Brown's (1981) results, however, indicate limits to the specificity of musical emotions. One set of stimulus materials was chosen to span six grades of sadness: "funereal, strong but sorrowful", "sadness tinged with romantic mystery", and so on. Neither non musicians nor musicians categorized the excerpts accurately, although the latter were more accurate when presented with the experimenter's verbal descriptions. More substantial agreement was found by listeners highly conversant with the relevant musical genre. In general, however, these results suggest musical emotions are distinguishable primarily at the level of basic emotions such as happy, sad, fear, and anger.

Limits to generality across cultures were suggested by a recent study by Gregory and Varney (1996). Subjects in their study were either from a western or from an (East) Indian cultural background, and the excerpts included pieces from western classical and Indian classical music. Listeners indicated which emotional adjectives applied to the music. Although overall the emotion judgments were similar across groups, differences appeared for specific pieces. Such cross-cultural comparisons are an important complement to studies of development and training in understanding the effects of learning in a cultural context on musical emotions, but little research has been done along these lines to date.

Another recent trend in studies of musical emotion is to examine the time course of emotional responses. In an initial effort in this direction, Goldstein (1980) had subjects indicate the time and strength of thrill responses. The pattern of responses remained quite stable over repeated hearings by the same individual. Attenuated responses after injections of naloxone, an opiate antagonist, suggested a connection with emotion physiology. Waterman (1996) measured the number of emotion responses per bar of music. Systematic differences were found with certain bars receiving significantly more responses than others. These bars contained a number of the musical structures found by Sloboda (1991) to elicit emotional reactions. A study by de Vries (1991) used a technique developed by Clynes (1977) that measures finger pressure amplitude and direction on a finger rest. Excerpts with different emotions were reliably distinguished by the roughness of the force curve (fast vs. slow changes in force and angle), the skewness of the curve, and the angle of roughness.
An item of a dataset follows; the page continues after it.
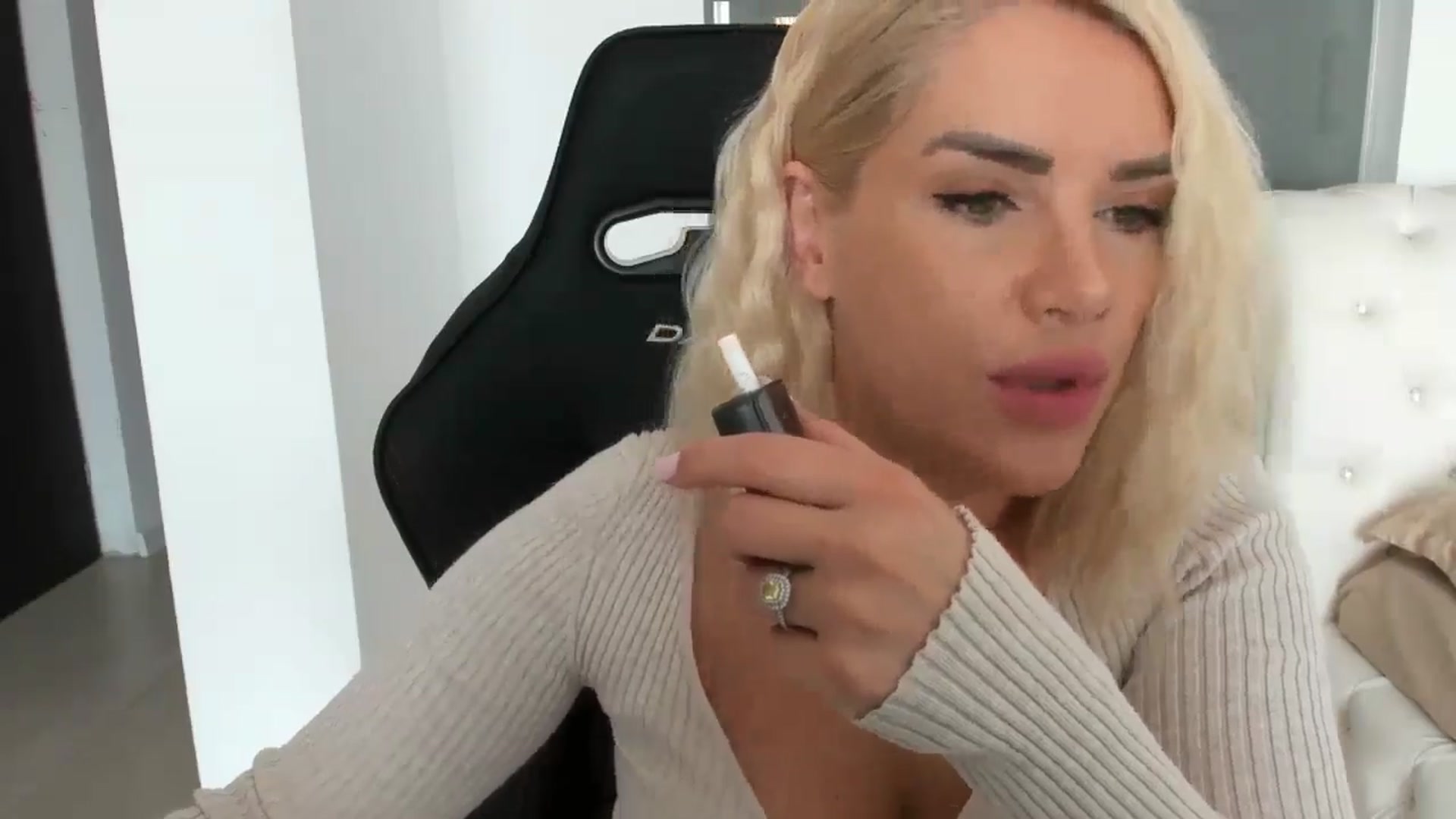 Gallery image thumbnail from Allesia_'s myfreecams stream on, 02/19/2025, 11:16 image 14 of 20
Nielsen (1983) conducted an extensive analysis of musical tension using a pair of tongs that listeners pressed together to indicate the experienced degree of tension. The method produced strikingly regular tension curves that could be related to diverse musical factors, including dynamics, timbre, melodic contour, harmony, tonality, and repetition. This research has been extended more recently by Madson and Fredrickson (1993; Fredrickson, 1995). Krumhansl (1996) and Krumhansl and Schenck (1997) also obtained tension profiles using a computer display as the response mode. The former study found tension judgments correlated with melodic contour, note density, dynamics, harmony, and tonality, and corresponded with music-theoretic predictions (Lerdahl, 1988, 1996). The latter study examined correspondences between music and dance. Similar tension profiles were found for the music only condition and dance only conditions as well as similar qualitative emotion judgments. These results suggest music and dance can elicit similar emotional responses.